Two large recent studies show that people hospitalized for COVID-19 in March were more than three times as likely to die as people hospitalized for COVID–19 in August.
The first study used data from three hospitals in New York City. The chance of death for someone hospitalized for the coronavirus in those hospitals dropped from an adjusted 25.6% in March to 7.6% in August. The second study, which looked at survival rates in England, found a similar improvement.
Continuous, significant improvement
In March, out of 1,724 people hospitalized for COVID-19 in the three New York hospitals, 430 died. In August, 134 were hospitalized and five died. This change in the raw numbers could be driven by who was arriving at the hospital—if only older people were getting sick, the death rate would be higher, for example—but the researchers controlled for this in their calculations.
To better understand what was causing this decrease in hospitalization death rate, the researchers accounted for a number of possible confounding factors, including the age of patients at hospitalization, race and ethnicity, the amount of oxygen support individuals needed when they got to the hospital and such risk factors as being overweight, smoking, high blood pressure, diabetes, lung disease and so on.
No matter what their specific situation, a person hospitalized in March for COVID-19 was more than three times as likely to die as one hospitalized in August.
The study in England looked at hospitalized coronavirus patients who were sick enough to go to a high-dependency unit (HDU) – one where they were monitored closely for oxygen needs—or the intensive care unit (ICU). As in the New York study, the researchers also accounted for confounding factors, but they calculated survival rates instead of mortality rates.

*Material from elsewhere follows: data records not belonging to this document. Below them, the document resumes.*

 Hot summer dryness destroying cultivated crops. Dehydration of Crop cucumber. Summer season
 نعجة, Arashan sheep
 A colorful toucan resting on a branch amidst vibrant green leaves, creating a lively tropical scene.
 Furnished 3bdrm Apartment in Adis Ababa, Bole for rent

Looking at 21,082 hospitalizations in England from March 29 to June 21, 2020, the authors found a continuous improvement in survival rates of 12.7% per week in the HDU and 8.9% per week in the ICU. Overall, between March and June the survival rate improved from 71.6% to 92.7% in the HDU and from 58% to 80.4% in the ICU. These increases in survival after hospitalization for the coronavirus in England mirrored the changes in New York City.
Better treatments and better care are responsible
The main reason researchers think coronavirus patients are doing better is simply that there are now effective treatments for the virus that didn’t exist in March.

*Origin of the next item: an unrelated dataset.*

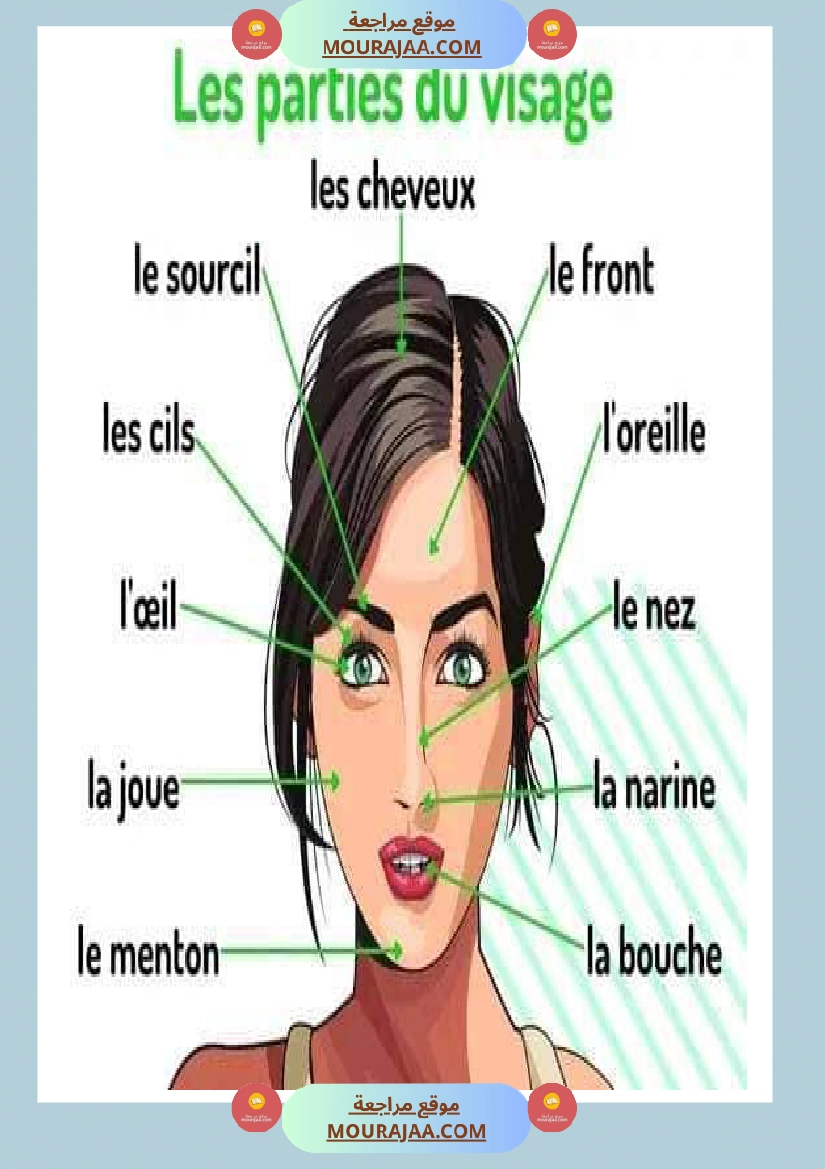 les parties du visage صفحة 2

I am a practicing infectious disease doctor at the University of California, San Francisco, and I have witnessed these improvements firsthand. Early on, my colleagues and I had no idea how to treat this brand-new virus that burst onto the scene in late 2019. But over the spring, large studies tested different treatments for COVID-19 and we now use an antiviral called remdesivir and a steroid called dexamethasone to treat our hospitalized coronavirus patients.
Along with these new treatments, physicians gained experience and learned simple techniques that improved outcomes over time, such as positioning a patient with low oxygen in a prone position to help distribute oxygen more evenly throughout the lungs. And as time has gone on, hospitals have become better prepared to handle the increased need for oxygen and other specialized care for patients with the coronavirus.

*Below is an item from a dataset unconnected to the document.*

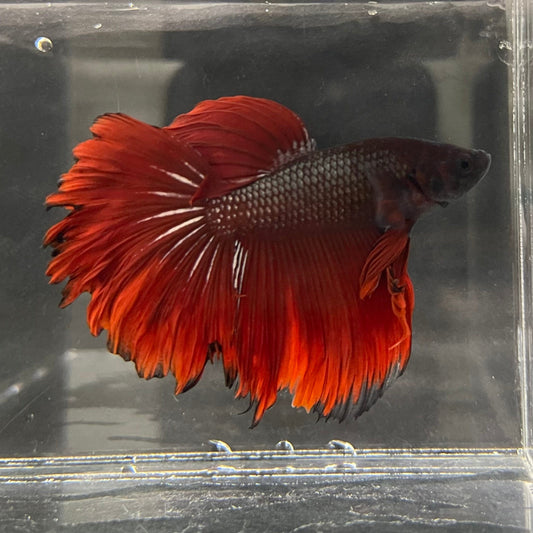 the-fish-farm Male Betta Male Betta - One Only - 4 Choose your favourite Male Betta from The Fish Farm Australia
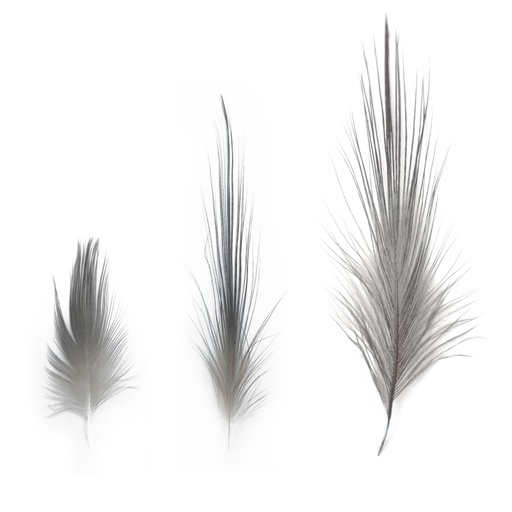 SHOR - PLUMES DE HÉRON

Though improvements in care and effective drugs like remdesivir and dexamethasone have helped greatly, the virus is still very dangerous. People with severe cases can suffer prolonged symptoms of fatigue and other debilitating effects. Therefore, other treatments should be and are still explored.
Public health measures help too
Treatments have undoubtedly gotten better. But the authors of the New York City study specifically mention that public health measures not only led to the plummeting hospitalization rates—1,724 in March vs. 134 in August—but might have helped lower death rates too.